What’s the biggest challenge for midlife career changers seeking work for the greater good? If you guessed finances, you’d be right. With support from MetLife Foundation and Encore.org (formerly Civic Ventures), researchers at Penn Schoen Berland surveyed nearly 2,500 Americans ages 44 to 70 to learn about the experiences of those who have already made the transition to encore careers, and the concerns of those who want to make the jump.

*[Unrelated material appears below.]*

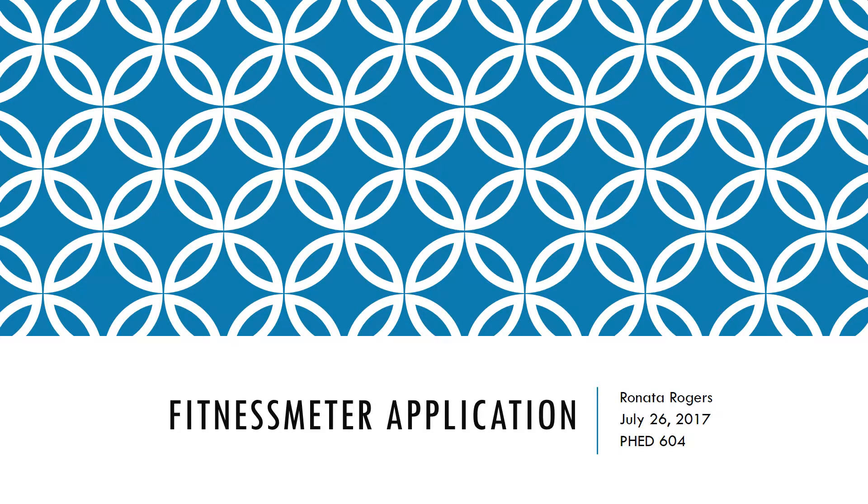Hello, my name is Renata Rogers. Today is July 26, 2017. This is for Technology for Coaches and Physical Educators 604, and my topic is the Fitness Meter application.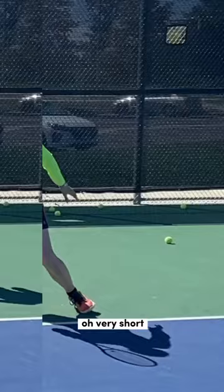Very short. The reason why you miss by four inches is you're not getting into the proper position to replicate good technique.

The study, Bridging the Gap: Making it Easier to Finance Encore Transitions, shows that millions of people face difficulties in making the transition from their earlier work to their encore careers and suggests that new approaches and tools can help people finance the transitions to their encores, resulting in a win for both individuals and society.A few key stats:

  • The 9 million people (ages 44 to 70) who are already in encore careers, on average, started to think about their encores at age 50 and took about 18 months to make the transition.
  • More than two in three (67 percent) of those already in encore careers experienced gaps in their personal income during the transition to their encores, reporting that they earned no money (24 percent) or that they earned significantly less during the transition than they earned at their previous jobs (43 percent).
  • Of those who experienced time with little to no income, nearly four in five (79 percent) say they experienced a gap of six months or more; more than one in three (36 percent) say their income gap lasted more than two years.
  • Four in 10 (40 percent) of those interested in encore careers do not feel secure enough financially to make a career change in this economy.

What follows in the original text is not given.